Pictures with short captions
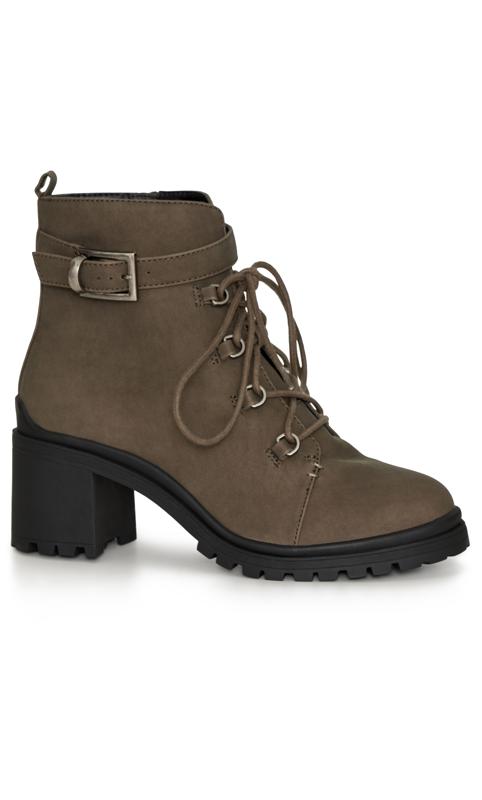 Khaki Green Extra Wide Lace Up Boot 1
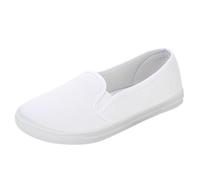 Women's Canvas Casual Shoes Flat Pumps Plimsolls Canvas Slip-On Sneakers (White, 6.5)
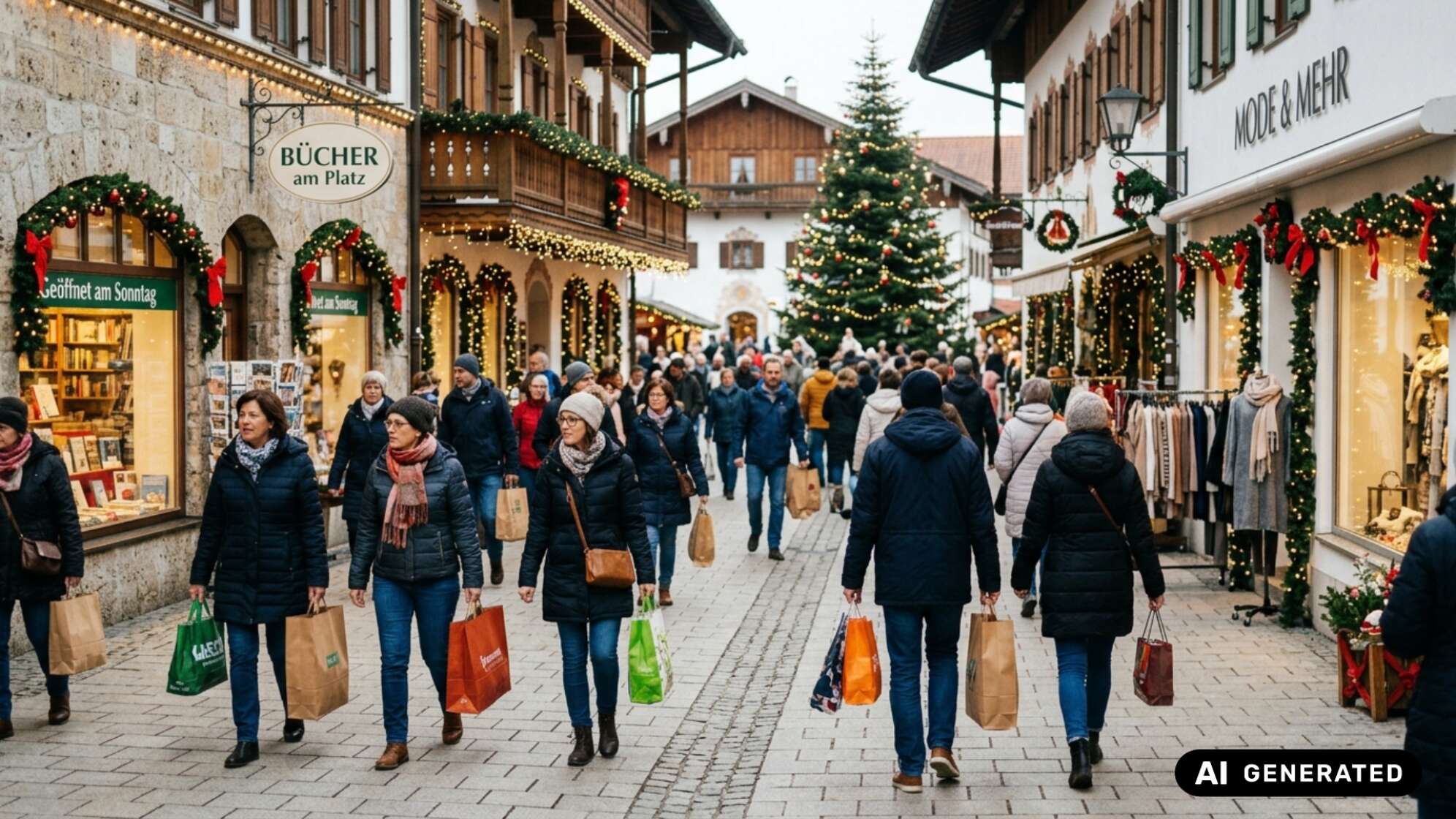 Viele Menschen mit Einkaufstüten bummeln durch eine weihnachtlich geschmückte Fußgängerzone, links eine Buchhandlung mit Schild „Geöffnet am Sonntag“, im Hintergrund ein Weihnachtsbaum. Symbolbild, KI-generiert.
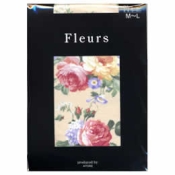 [Fleurs] 50 Denier Ivory Floral Pattern Print Tights, Venus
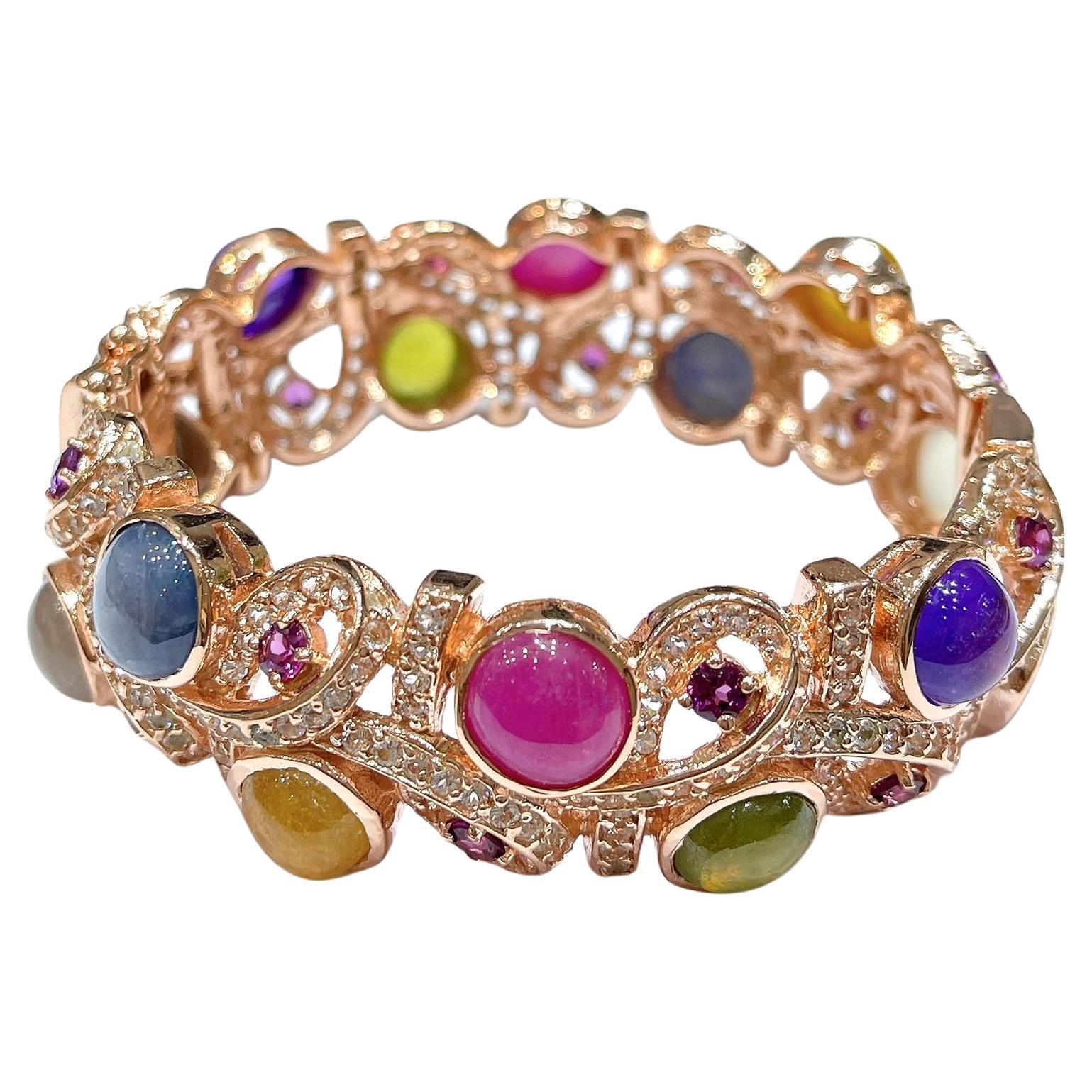 Bochic “Capri” Vintage Ruby 
Multi Sapphire Cuff Set In 18K Gold 
Silver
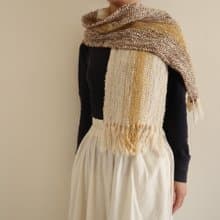 手織りマフラー　wool　chocolate×milk　gift　Shawl (S) 51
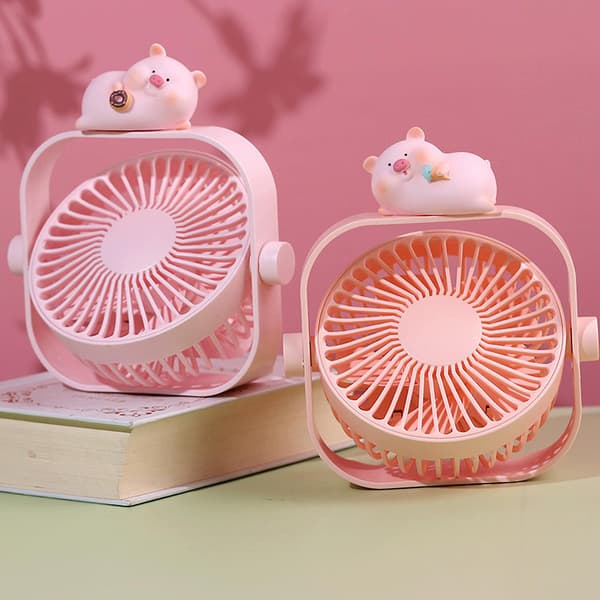 Mini Ventilator Bærbar Stærk Vind 3 Hastigheder Sød Tegneserie Skrivebord USB Køleventilator til Børneværelse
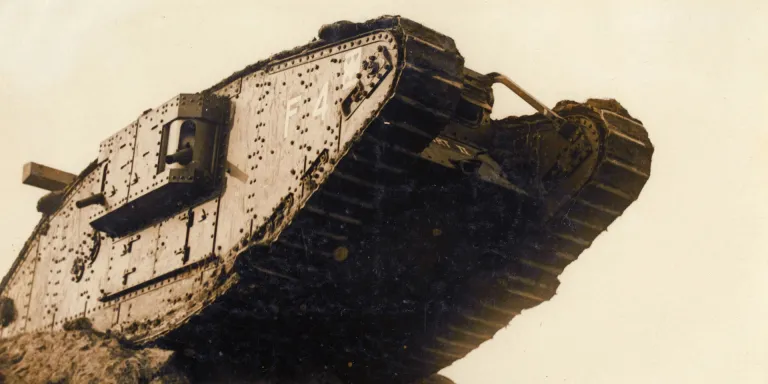 British Mark IV female tank during trials, 1917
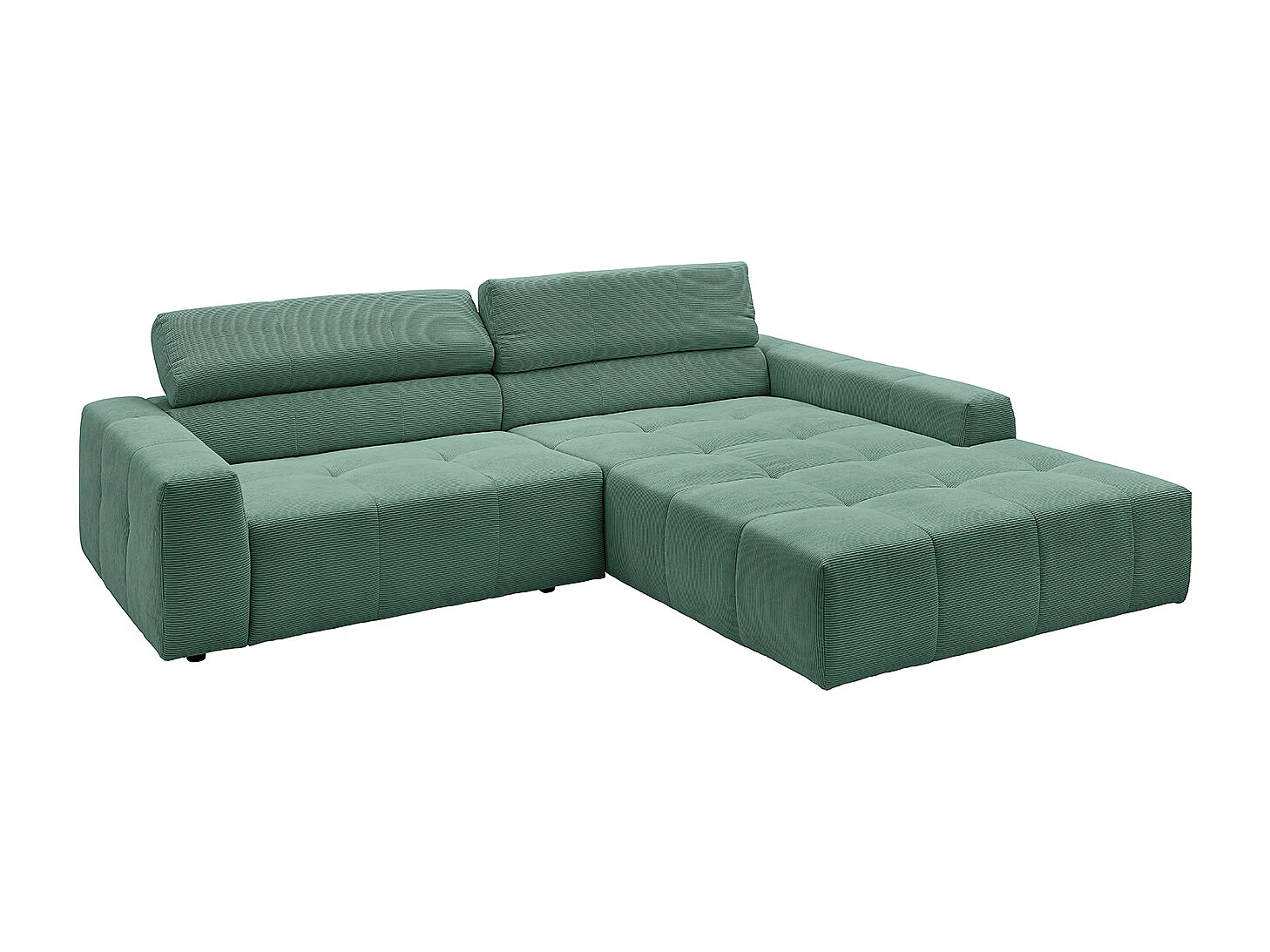 Ecksofa - Smaragdgrün Cord - RENO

### YOUR GOAL
Give the records back verbatim, pictures excluded.

### EXERCISE ANSWER
 Khaki Green Extra Wide Lace Up Boot 1
 Women's Canvas Casual Shoes Flat Pumps Plimsolls Canvas Slip-On Sneakers (White, 6.5)
 Viele Menschen mit Einkaufstüten bummeln durch eine weihnachtlich geschmückte Fußgängerzone, links eine Buchhandlung mit Schild „Geöffnet am Sonntag“, im Hintergrund ein Weihnachtsbaum. Symbolbild, KI-generiert.
 [Fleurs] 50 Denier Ivory Floral Pattern Print Tights, Venus
 Bochic “Capri” Vintage Ruby 
Multi Sapphire Cuff Set In 18K Gold 
Silver
 手織りマフラー　wool　chocolate×milk　gift　Shawl (S) 51
 Mini Ventilator Bærbar Stærk Vind 3 Hastigheder Sød Tegneserie Skrivebord USB Køleventilator til Børneværelse
 British Mark IV female tank during trials, 1917
 Ecksofa - Smaragdgrün Cord - RENO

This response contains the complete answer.